**INFORMATION SUPPLIED**.
──────────
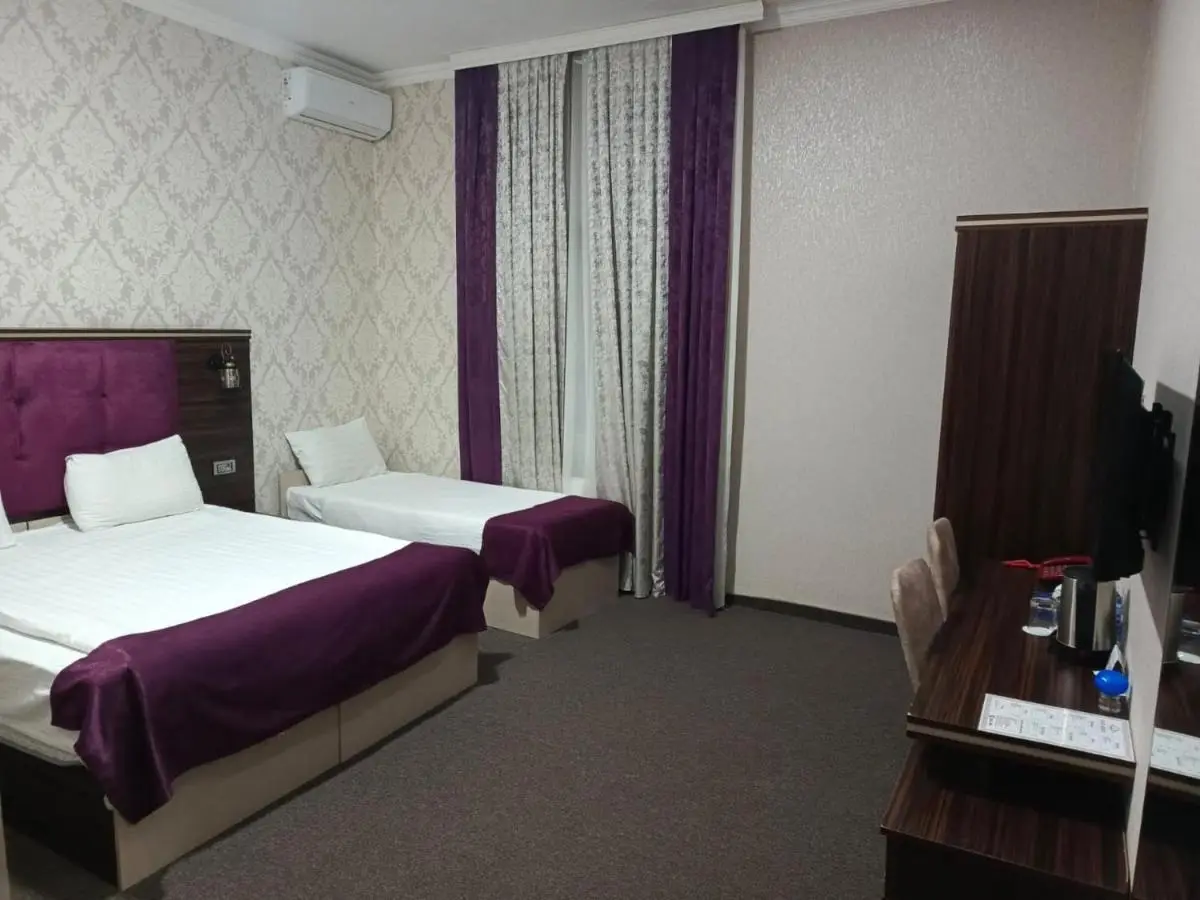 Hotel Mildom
──────────
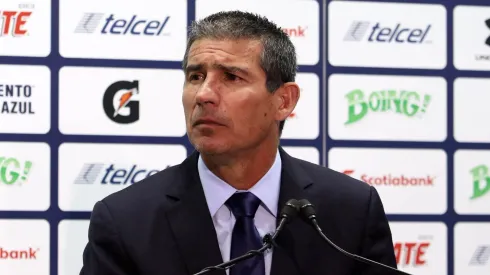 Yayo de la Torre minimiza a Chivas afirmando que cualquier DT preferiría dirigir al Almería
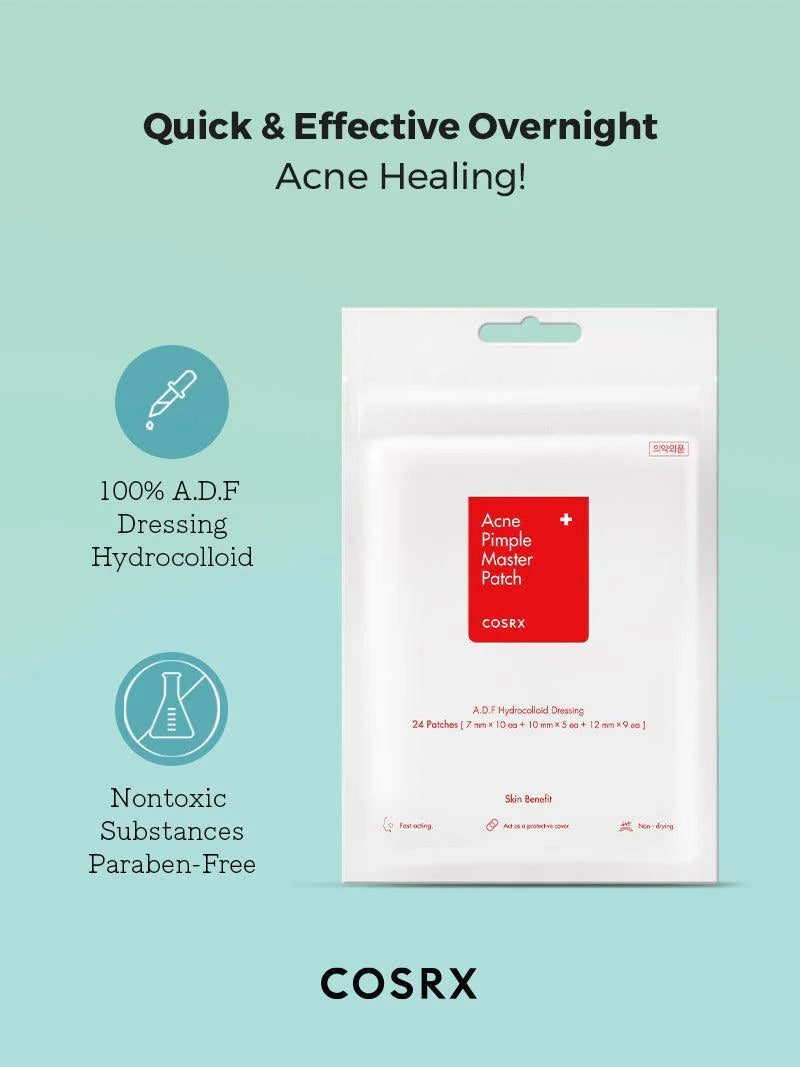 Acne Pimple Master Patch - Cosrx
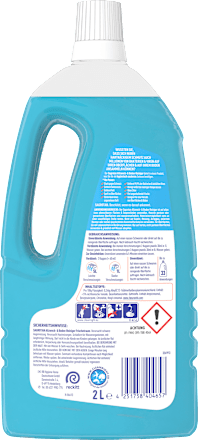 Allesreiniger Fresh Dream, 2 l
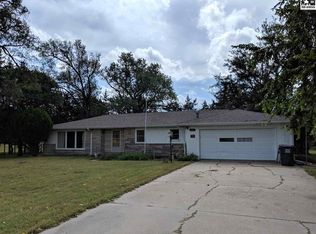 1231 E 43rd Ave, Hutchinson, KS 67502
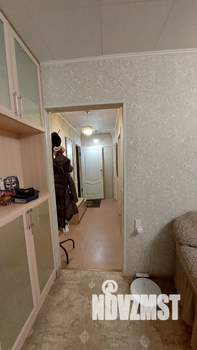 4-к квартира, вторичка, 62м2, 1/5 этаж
──────────
**BRIEF**. Output exactly the lines above, from the line with "Yayo de la Torre" to the line with "4-к квартира, вторичка, 62м2, 1/5 этаж", both included; skip the pictures.

**THE COMPLETED TASK**.
 Yayo de la Torre minimiza a Chivas afirmando que cualquier DT preferiría dirigir al Almería
 Acne Pimple Master Patch - Cosrx
 Allesreiniger Fresh Dream, 2 l
 1231 E 43rd Ave, Hutchinson, KS 67502
 4-к квартира, вторичка, 62м2, 1/5 этаж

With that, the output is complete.